(Input material Opens)
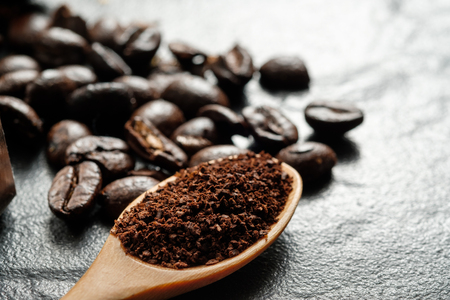 Coffee grounds in wooden spoon close to coffee beans on black graniteの写真素材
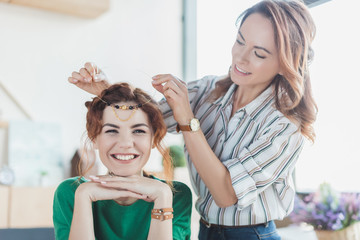 Wall Mural - young women trying on handmade headband at workshop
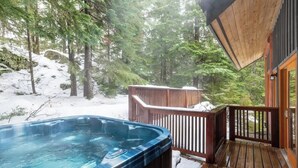 Un bain à remous sur une terrasse en bois, avec vue sur une forêt enneigée.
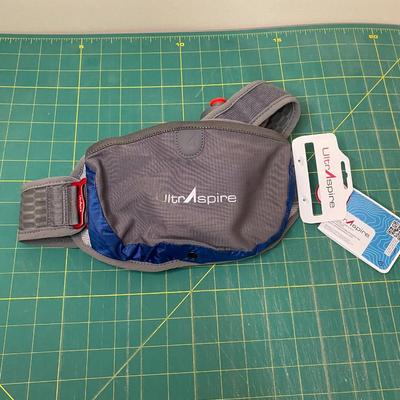 Runners pack with water bottle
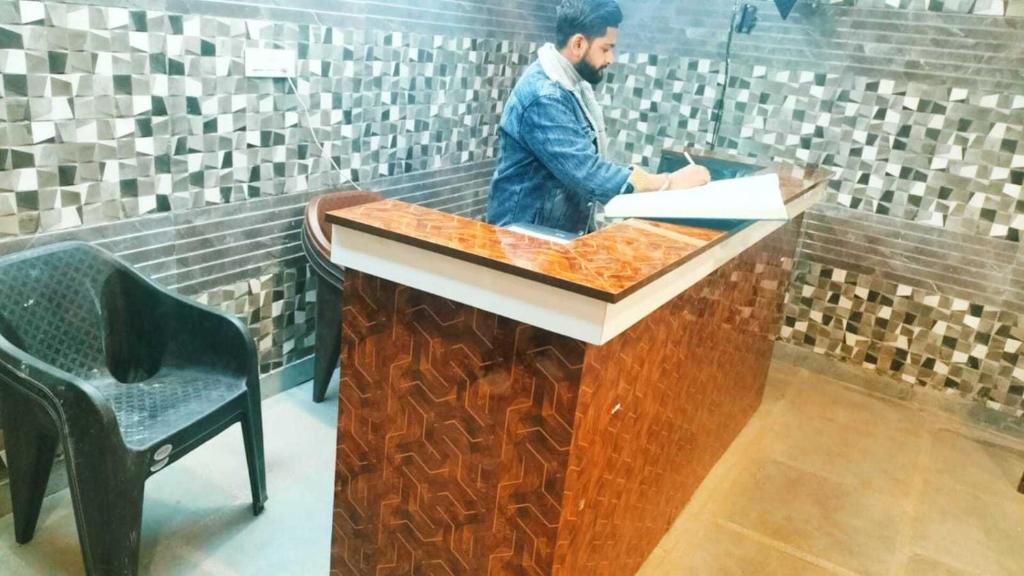 a man standing at a counter in a bathroom at Ms Residency in New Delhi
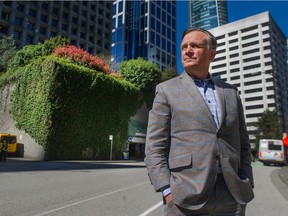 Jon Stovell of Reliance Properties stands near a parking garage at the corner of Melville and Thurlow Streets in downtown Vancouver, BC Wednesday, April 14, 2021.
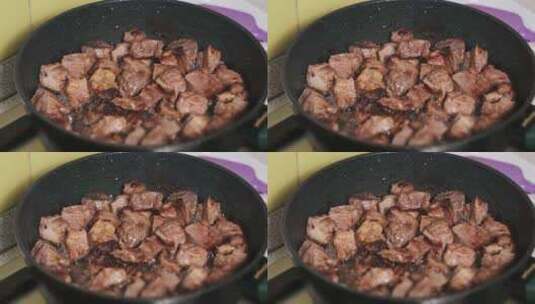在家庭厨房的煎锅里煎猪肉块高清在线视频素材下载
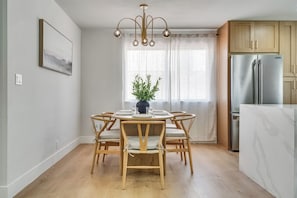 A dining area with a round table, six chairs, a chandelier, a potted plant, and a kitchen with a refrigerator. - Vegas 3BR Pool Retreat · Sleeps 10 · Putting Green · Shuffleboard (Las Vegas)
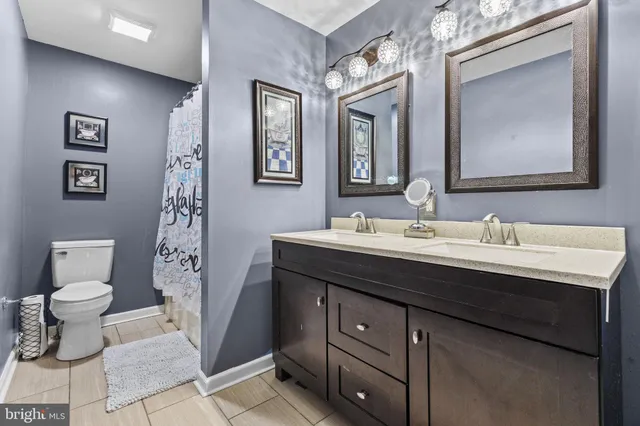 a bathroom with a double vanity sink and a mirror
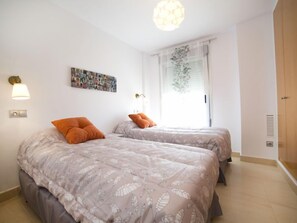 A bedroom with two beds, a wall-mounted light, a window with sheer curtains, and a door with a vent.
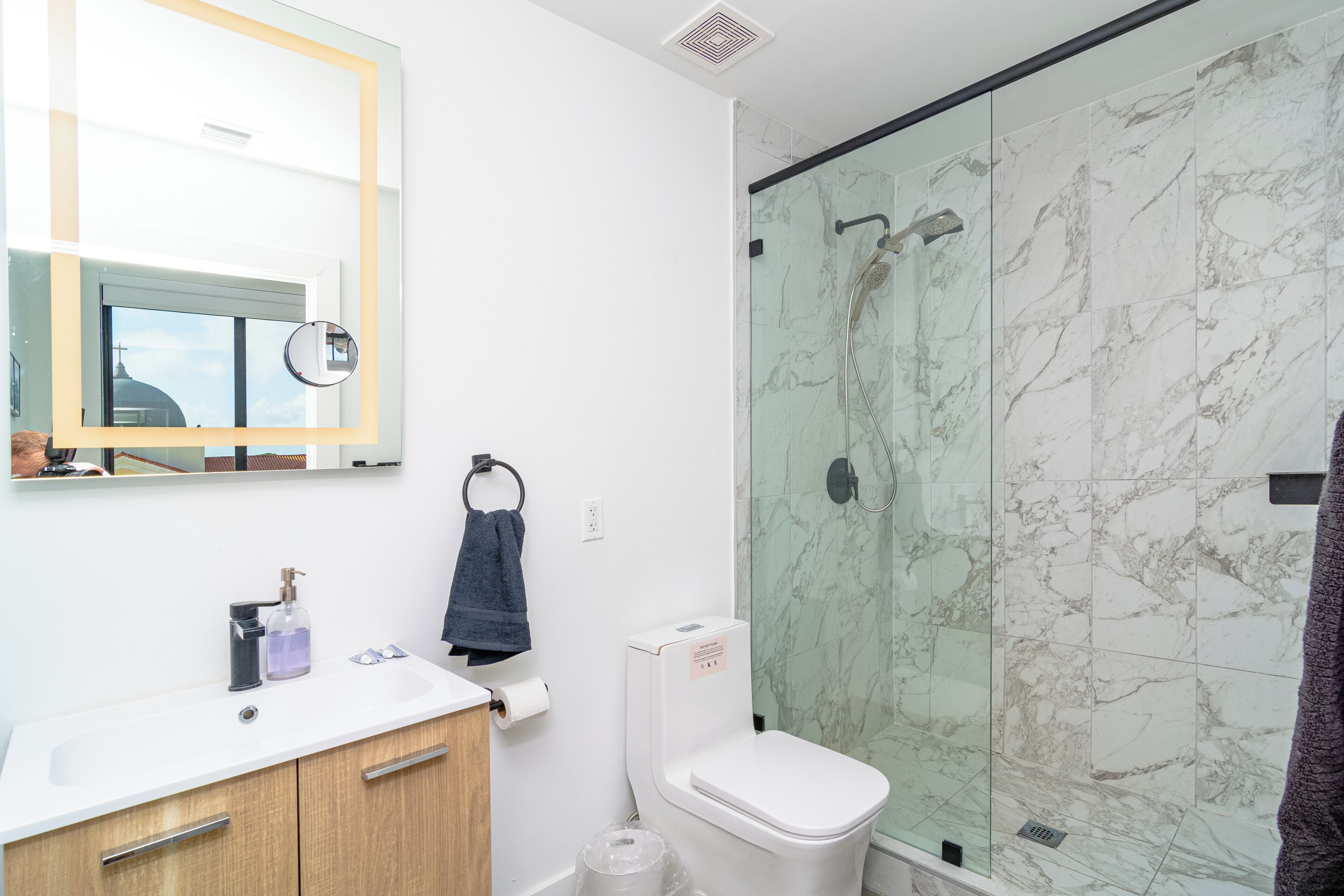Une salle de bain moderne avec une douche en marbre, un lavabo blanc et des toilettes.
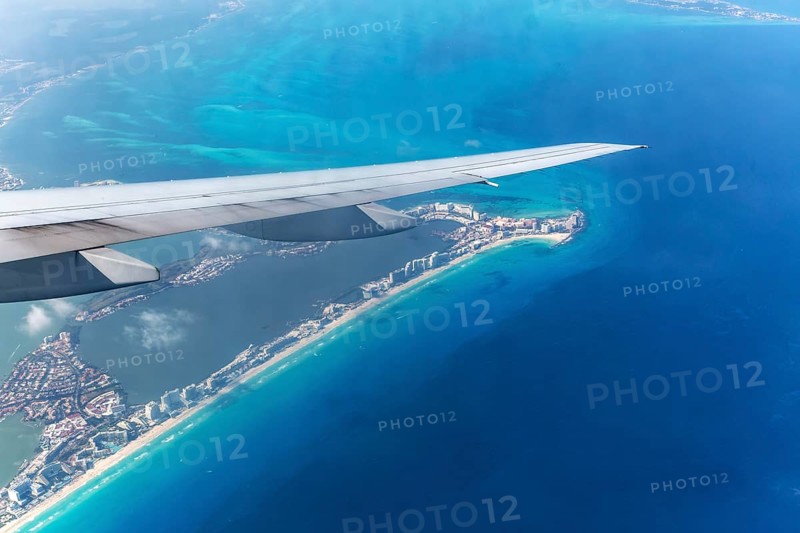 Aerial view through plane window of Caribbean coastline buildings in the hotel zone, Cancun, Quintana Roo, Yucatán Peninsula, Mexico, Central America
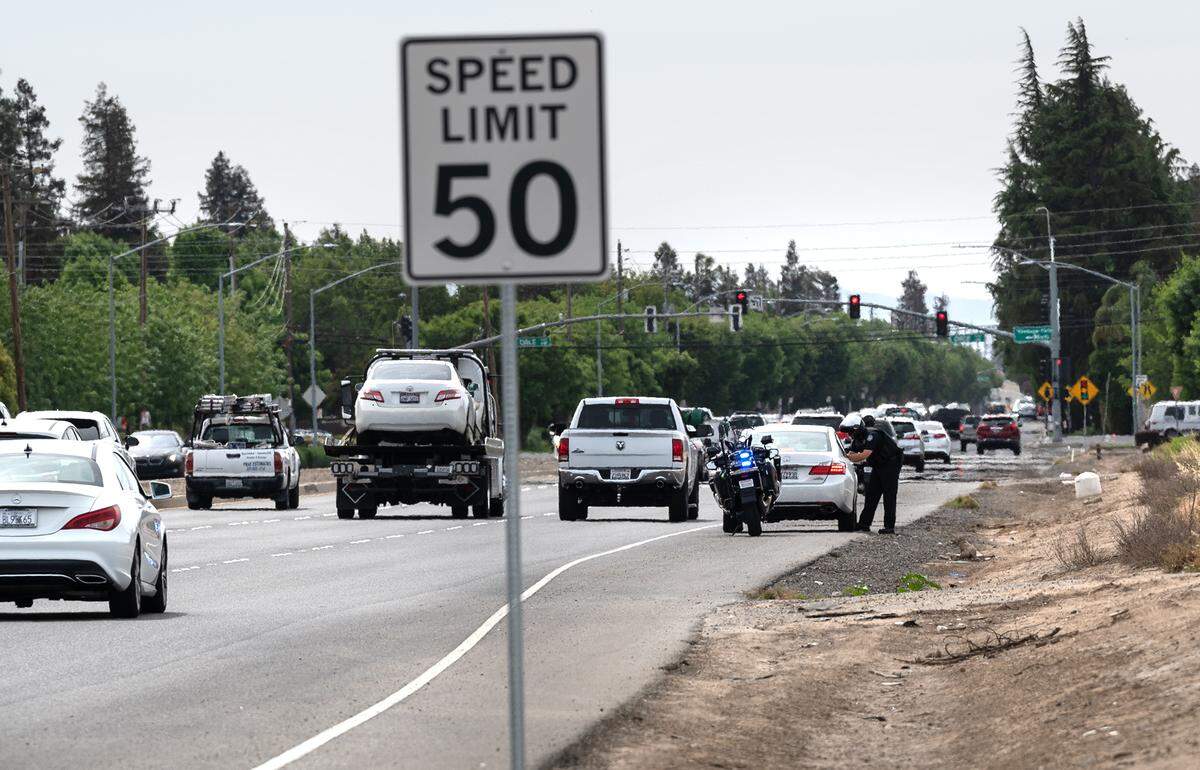 Modesto Police officer Ryan Olson cites a driver for speeding on Pelandale Road in Modesto, Calif., on Thursday, May 5, 2022. The California Office of Traffic Safety ranked Modesto worst among its peer cities for traffic crashes. The ranking is for 2019, which is the latest year for which OTS has statistics, and places Modesto first among 59 California cities with 100,000 to 250,000 residents. Modesto’s population is about 220,000 residents.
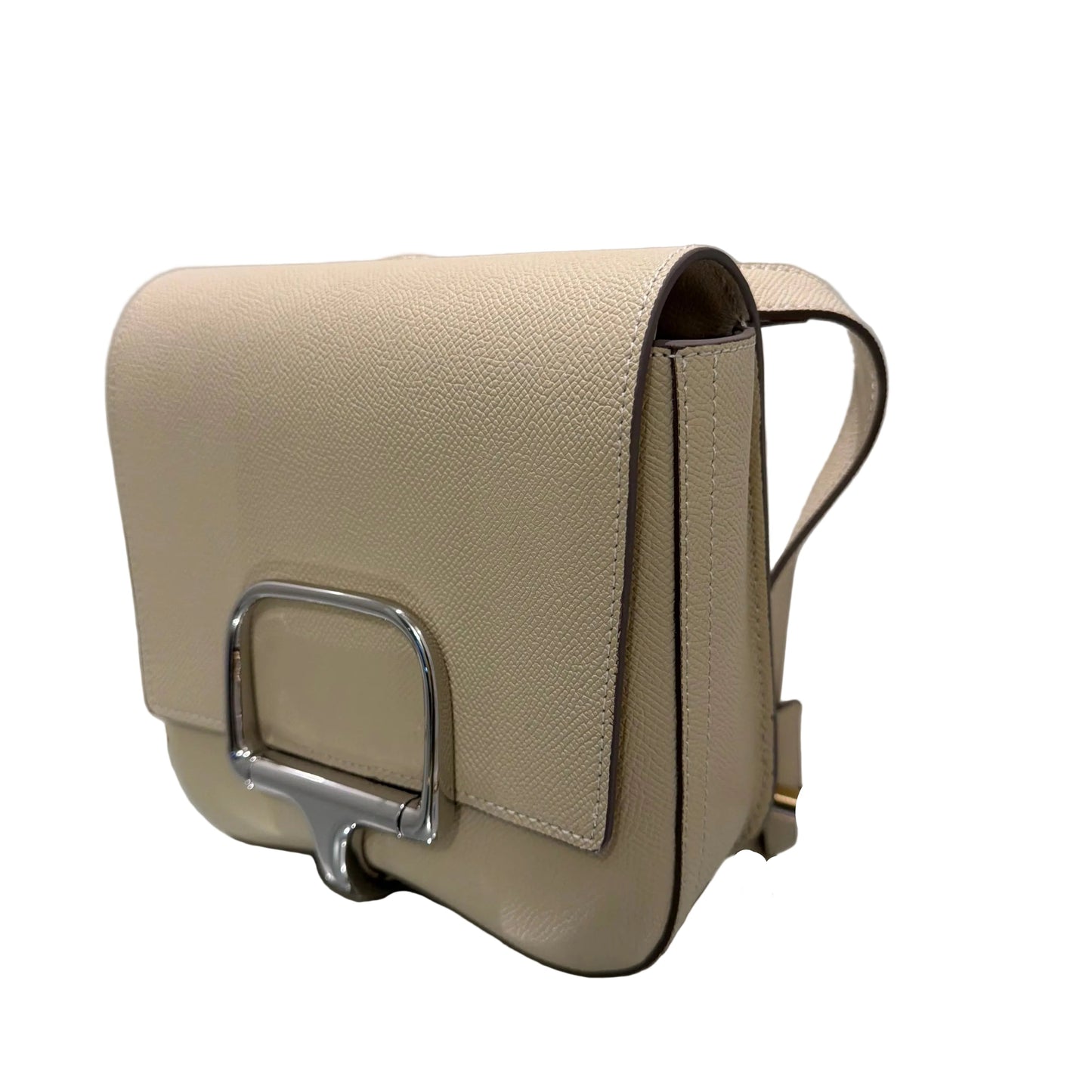 Beige handbag with a metallic clasp on a white surface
(Input material Closes)
Aim of the exercise: Make an exact copy of the listing above. Its pictures are not needed.

Answer box:
 Coffee grounds in wooden spoon close to coffee beans on black graniteの写真素材
 Wall Mural - young women trying on handmade headband at workshop
 Un bain à remous sur une terrasse en bois, avec vue sur une forêt enneigée.
 Runners pack with water bottle
 a man standing at a counter in a bathroom at Ms Residency in New Delhi
 Jon Stovell of Reliance Properties stands near a parking garage at the corner of Melville and Thurlow Streets in downtown Vancouver, BC Wednesday, April 14, 2021.
在家庭厨房的煎锅里煎猪肉块高清在线视频素材下载
 A dining area with a round table, six chairs, a chandelier, a potted plant, and a kitchen with a refrigerator. - Vegas 3BR Pool Retreat · Sleeps 10 · Putting Green · Shuffleboard (Las Vegas)
 a bathroom with a double vanity sink and a mirror
 A bedroom with two beds, a wall-mounted light, a window with sheer curtains, and a door with a vent.
Une salle de bain moderne avec une douche en marbre, un lavabo blanc et des toilettes.
 Aerial view through plane window of Caribbean coastline buildings in the hotel zone, Cancun, Quintana Roo, Yucatán Peninsula, Mexico, Central America
 Modesto Police officer Ryan Olson cites a driver for speeding on Pelandale Road in Modesto, Calif., on Thursday, May 5, 2022. The California Office of Traffic Safety ranked Modesto worst among its peer cities for traffic crashes. The ranking is for 2019, which is the latest year for which OTS has statistics, and places Modesto first among 59 California cities with 100,000 to 250,000 residents. Modesto’s population is about 220,000 residents.
 Beige handbag with a metallic clasp on a white surface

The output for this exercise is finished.